== Segment start ==
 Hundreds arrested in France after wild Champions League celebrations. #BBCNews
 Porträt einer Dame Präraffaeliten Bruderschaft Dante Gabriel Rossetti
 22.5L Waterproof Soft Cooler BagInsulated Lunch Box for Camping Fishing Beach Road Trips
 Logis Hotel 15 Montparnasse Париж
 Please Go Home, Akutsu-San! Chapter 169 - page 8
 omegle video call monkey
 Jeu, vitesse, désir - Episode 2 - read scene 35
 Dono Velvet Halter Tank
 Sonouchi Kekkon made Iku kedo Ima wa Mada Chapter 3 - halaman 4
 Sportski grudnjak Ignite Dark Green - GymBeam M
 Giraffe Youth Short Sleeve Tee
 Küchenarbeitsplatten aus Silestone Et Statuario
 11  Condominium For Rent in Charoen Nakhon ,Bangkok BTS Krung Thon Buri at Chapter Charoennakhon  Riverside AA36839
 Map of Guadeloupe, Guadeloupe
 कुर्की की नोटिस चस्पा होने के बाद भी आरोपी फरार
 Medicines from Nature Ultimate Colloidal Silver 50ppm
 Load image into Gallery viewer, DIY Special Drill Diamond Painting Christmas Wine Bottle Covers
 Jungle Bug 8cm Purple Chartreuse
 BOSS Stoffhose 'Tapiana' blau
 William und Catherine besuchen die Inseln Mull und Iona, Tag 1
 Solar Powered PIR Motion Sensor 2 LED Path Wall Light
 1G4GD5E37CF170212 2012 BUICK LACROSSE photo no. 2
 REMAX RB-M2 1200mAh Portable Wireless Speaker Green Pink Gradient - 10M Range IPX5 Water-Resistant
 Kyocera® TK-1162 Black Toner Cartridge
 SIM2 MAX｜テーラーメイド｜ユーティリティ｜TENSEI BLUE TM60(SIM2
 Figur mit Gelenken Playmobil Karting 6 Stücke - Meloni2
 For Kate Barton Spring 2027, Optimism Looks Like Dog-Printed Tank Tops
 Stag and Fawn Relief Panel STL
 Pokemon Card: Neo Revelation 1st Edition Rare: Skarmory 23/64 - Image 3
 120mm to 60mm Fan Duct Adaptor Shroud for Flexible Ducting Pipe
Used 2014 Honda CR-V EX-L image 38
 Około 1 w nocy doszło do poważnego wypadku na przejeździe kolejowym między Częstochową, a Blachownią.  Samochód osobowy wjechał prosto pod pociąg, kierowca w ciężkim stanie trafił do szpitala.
== Segment end ==
* _EXERCISE DESCRIPTION_
Where the line holding "Dono Velvet Halter Tank" appears in the listing above, start reproducing exactly, and end with the line holding "Stag and Fawn Relief Panel STL".

* _EXPECTED ANSWER_
 Dono Velvet Halter Tank
 Sonouchi Kekkon made Iku kedo Ima wa Mada Chapter 3 - halaman 4
 Sportski grudnjak Ignite Dark Green - GymBeam M
 Giraffe Youth Short Sleeve Tee
 Küchenarbeitsplatten aus Silestone Et Statuario
 11  Condominium For Rent in Charoen Nakhon ,Bangkok BTS Krung Thon Buri at Chapter Charoennakhon  Riverside AA36839
 Map of Guadeloupe, Guadeloupe
 कुर्की की नोटिस चस्पा होने के बाद भी आरोपी फरार
 Medicines from Nature Ultimate Colloidal Silver 50ppm
 Load image into Gallery viewer, DIY Special Drill Diamond Painting Christmas Wine Bottle Covers
 Jungle Bug 8cm Purple Chartreuse
 BOSS Stoffhose 'Tapiana' blau
 William und Catherine besuchen die Inseln Mull und Iona, Tag 1
 Solar Powered PIR Motion Sensor 2 LED Path Wall Light
 1G4GD5E37CF170212 2012 BUICK LACROSSE photo no. 2
 REMAX RB-M2 1200mAh Portable Wireless Speaker Green Pink Gradient - 10M Range IPX5 Water-Resistant
 Kyocera® TK-1162 Black Toner Cartridge
 SIM2 MAX｜テーラーメイド｜ユーティリティ｜TENSEI BLUE TM60(SIM2
 Figur mit Gelenken Playmobil Karting 6 Stücke - Meloni2
 For Kate Barton Spring 2027, Optimism Looks Like Dog-Printed Tank Tops
 Stag and Fawn Relief Panel STL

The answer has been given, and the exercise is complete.